這兩天,單位正在準備鬧元宵的活動。這正月十五一過,年就算徹底過完了。但其實,一週前,我的時間概念,已經從“初幾”改成了“周幾”。

正月初六,在跟親戚吃完午飯後,我載著一後備箱“媽媽的愛”,滾回鄭州。當我看到連霍高速文化路下站口的路牌時,竟有種莫名的踏實感。我當然不是多麼勤奮地想要工作,只是,這是一種回到正常狀態的心安。

從洛陽到鄭州,百里鄉愁只是一碗牛肉湯的距離……

有人說,過年是我們最頹廢的時候,每天的主題就是吃喝玩樂。回家當然很好,不過,那是一種你我很熟悉,卻又在慢慢遠去的生活狀態。

臘月二十九,我到家的時候,老媽正在廚房忙活,帶魚丸子藕夾油麻葉豆包饃皮凍豬肝牛肉,還有窗戶上大大的福字,客廳裡開的正好的水仙花,屋裡屋外,都是年的味道。

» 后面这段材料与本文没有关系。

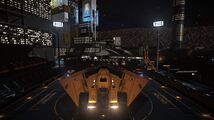 Hi-res of Asp Explorer at a planetary outpost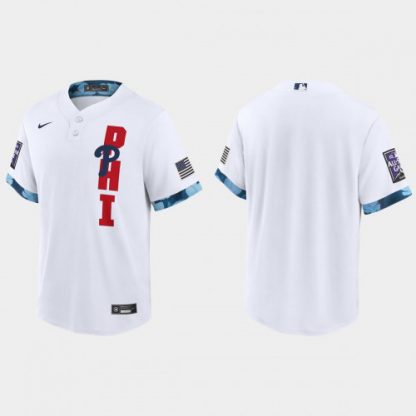 Philadelphia Philadelphia Phillies 2021 Mlb All Star Game Fan's Version White Jersey
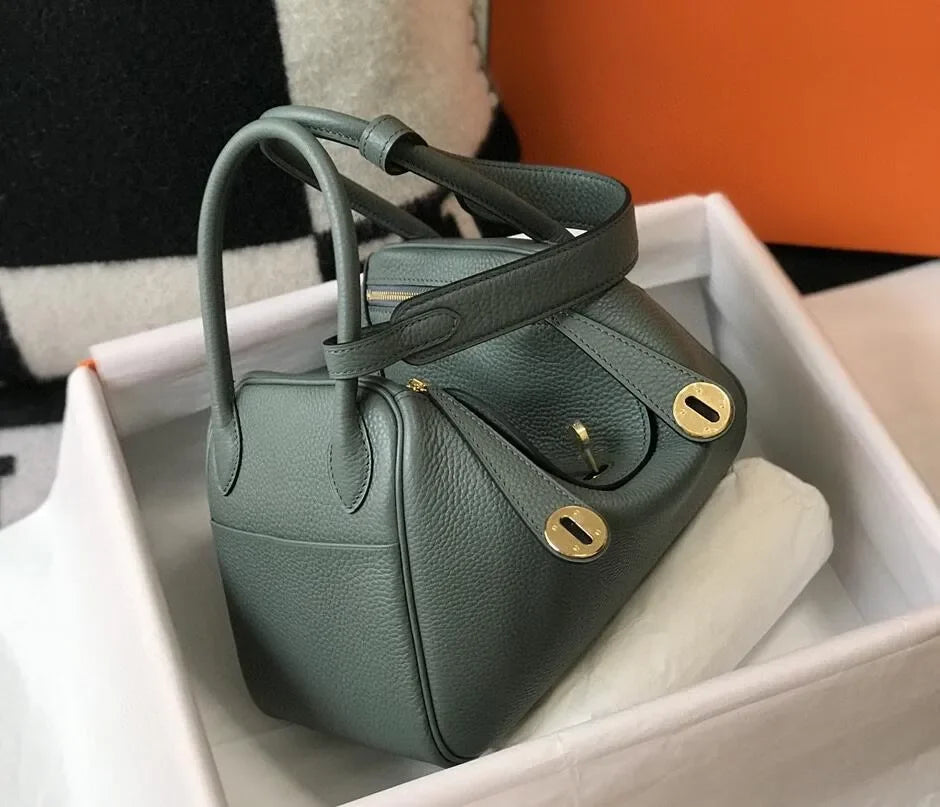 Fashion Bags Totes women's real leather lychee cowhide doctor handbag shoulder purse top craft all TOGO handbags bag 10A size 26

身為洛陽人,回家後的第一件事自是滿城找湯喝。但是洛陽城裡的湯館過年很少有開門的。於是,我從年二十九熬到了“破五”。當我興沖沖地拉著老爸趕到一家牛肉湯老店時,路兩旁早已停滿了車,果然,取湯的一條龍,買餅的一條龍,大概都是像我這種在外的洛陽人,回來找鄉愁的。真的是一碗湯,方解相思苦。

從洛陽到鄭州,百里鄉愁只是一碗牛肉湯的距離……

大過年的,老家有上山燒香的風俗。據說三十兒晚上,白馬寺哪兒哪兒都是人,為的就是年初一的頭柱香。城外大大小小的寺與廟,都不缺香客。我們盤山而上,正兒八經的路都沒有一條。我不免想起了去年夏天很火的“奶奶廟”,徐騰筆下描述的河北易縣的奶奶廟裡,不僅有菩薩、財神,還有官神、車神、學神。雖說民間宗教與佛教並不能等同,但在這裡,這些都不重要。看著一個個燒香磕頭的人,你會覺得,那是一種虔誠的信仰,不可褻瀆。

從洛陽到鄭州,百里鄉愁只是一碗牛肉湯的距離……

正月初四那天,我們一大家子聚會。我爺爺兄妹六人,兩位已故去。來聚的是其他四位老人,以及他們的子女輩、孫輩、重孫輩。大概都該稱為“堂親”。之所以會說“大概”,是因為,除了幾位長輩,那些堂兄妹以及他們的孩子,我都搞不太清楚誰是誰。

老老少少,滿滿當當六大桌。看著這些不那麼熟悉的親人,我一度懷疑這種聚會的意義——我和他們當中的大多數,一年見一次,平時也沒什麼聯繫,我們在不同的地方,過著各自的生活,沒有交集。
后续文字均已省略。